● **EXERCISE DIRECTIONS**:
Give back the exact lines of the material below from the one containing "Wall-mounted fan controller" through the one containing "Restaurant/places to eat", and no pictures.

● **DATA FOR ANALYSIS**:

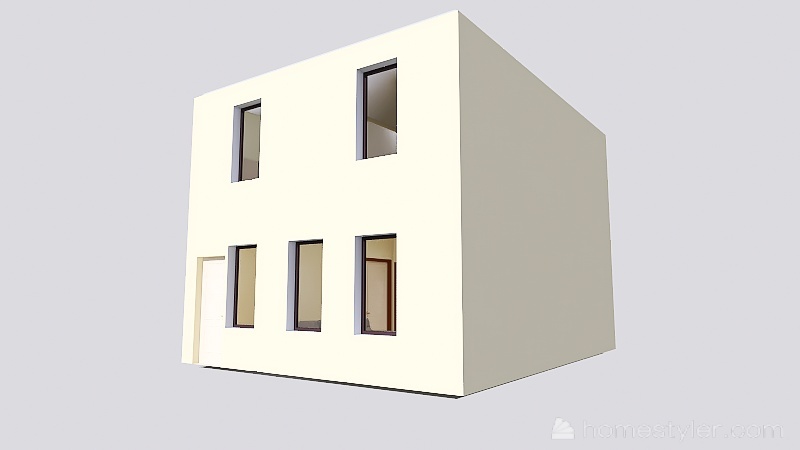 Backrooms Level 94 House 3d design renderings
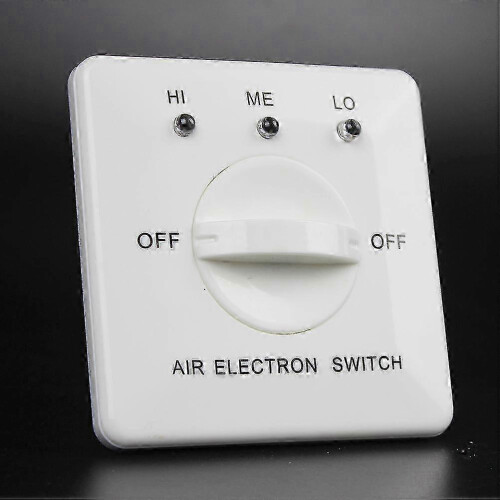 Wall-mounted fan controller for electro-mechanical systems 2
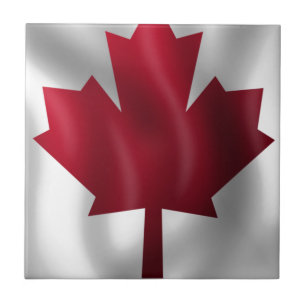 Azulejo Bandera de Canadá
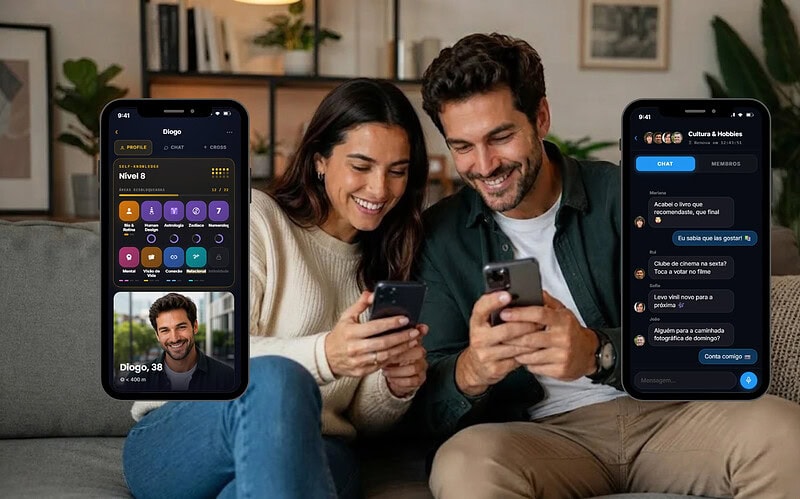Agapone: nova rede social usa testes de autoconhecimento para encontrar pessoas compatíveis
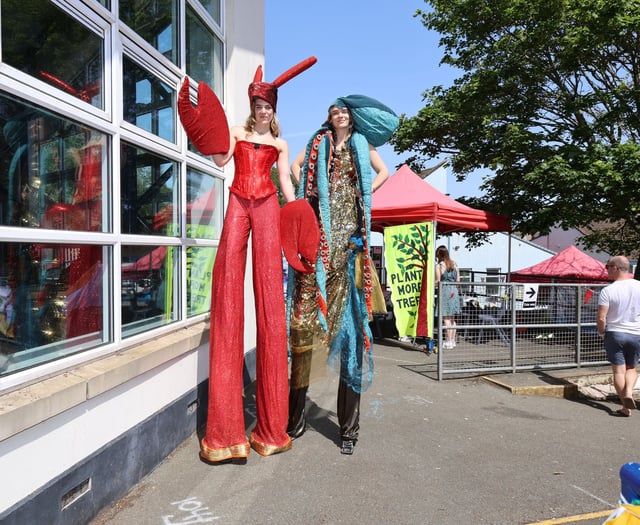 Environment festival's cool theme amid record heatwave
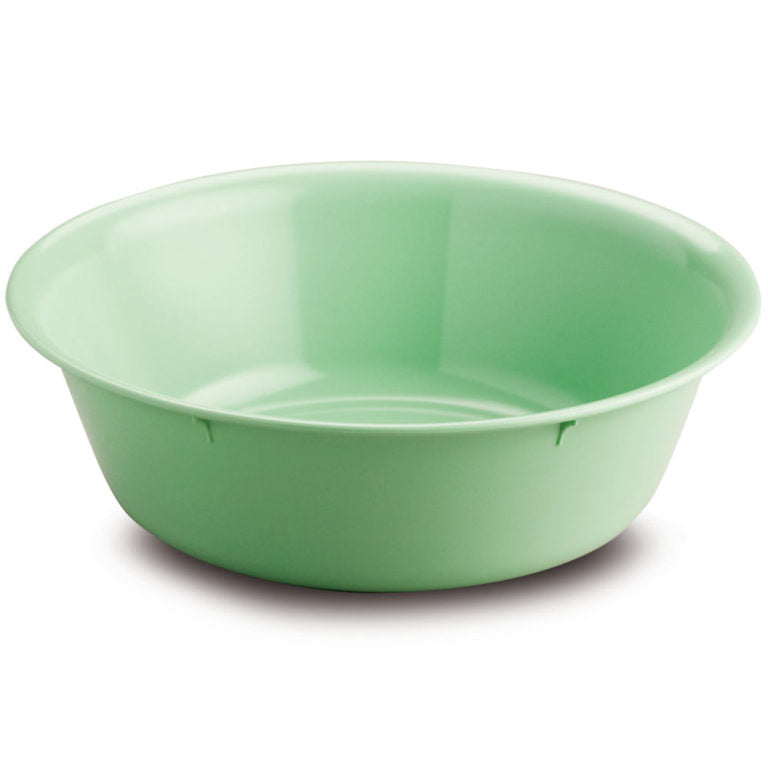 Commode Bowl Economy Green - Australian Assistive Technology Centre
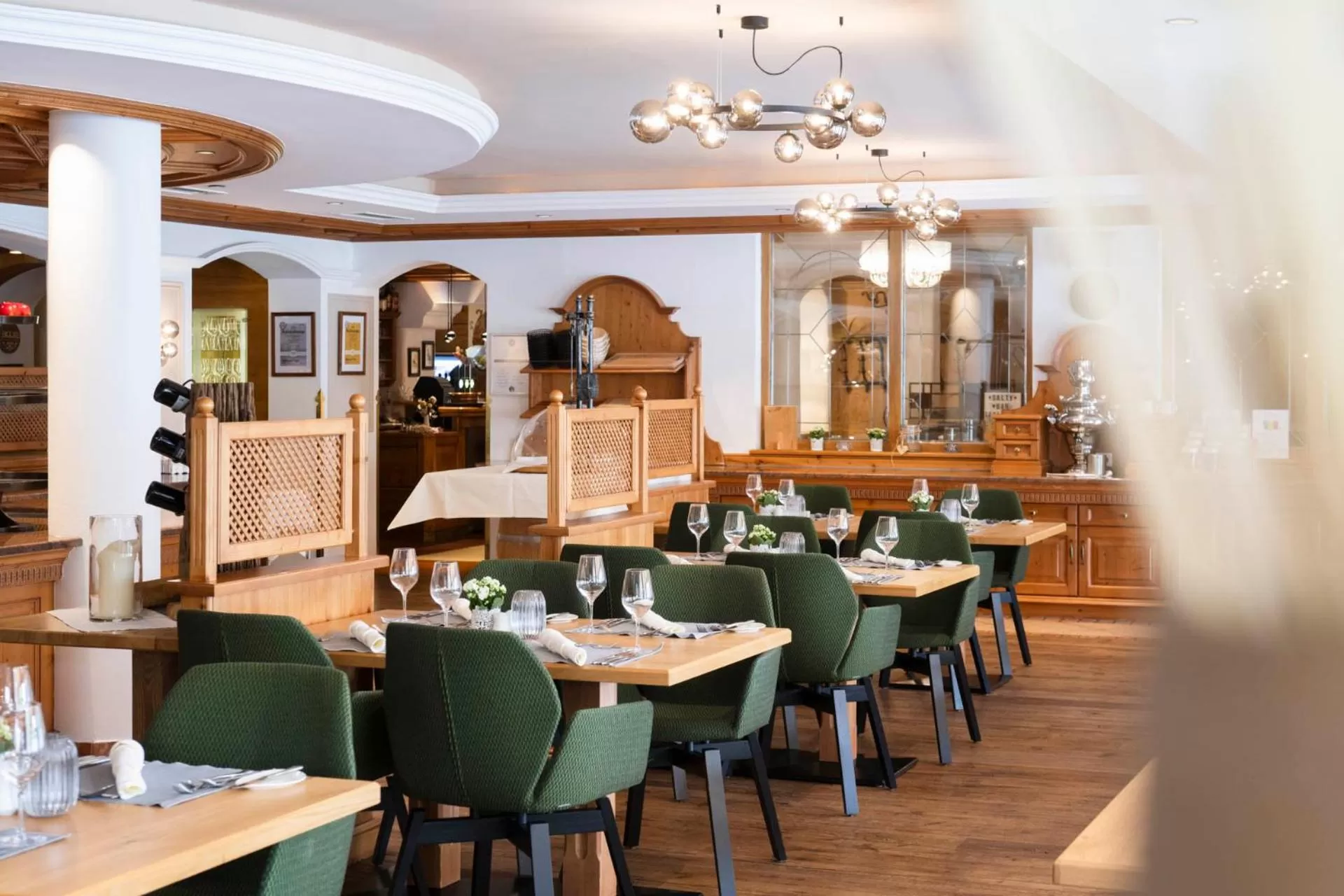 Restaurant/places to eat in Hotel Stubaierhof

...

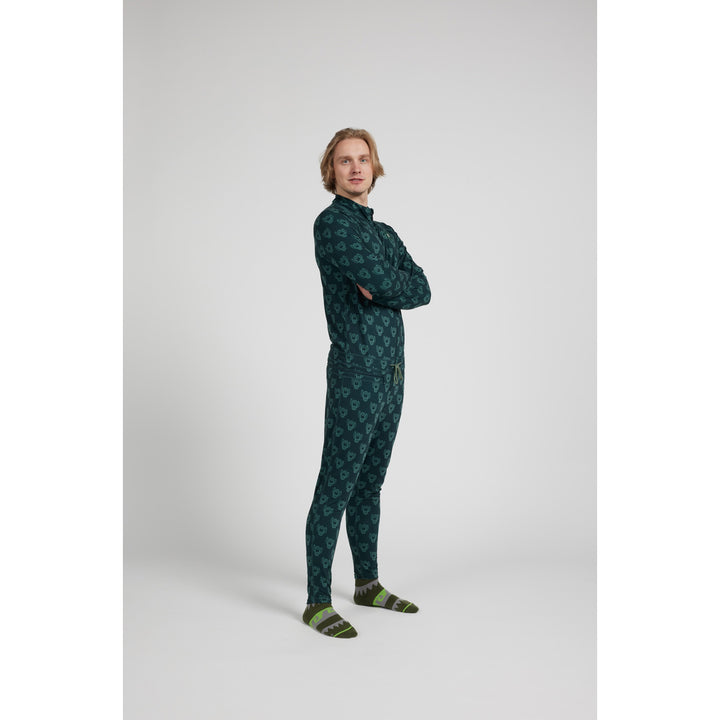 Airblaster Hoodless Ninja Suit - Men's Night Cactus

● **WRITTEN SOLUTION**:
 Wall-mounted fan controller for electro-mechanical systems 2
 Azulejo Bandera de Canadá
Agapone: nova rede social usa testes de autoconhecimento para encontrar pessoas compatíveis
 Environment festival's cool theme amid record heatwave
 Commode Bowl Economy Green - Australian Assistive Technology Centre
 Restaurant/places to eat in Hotel Stubaierhof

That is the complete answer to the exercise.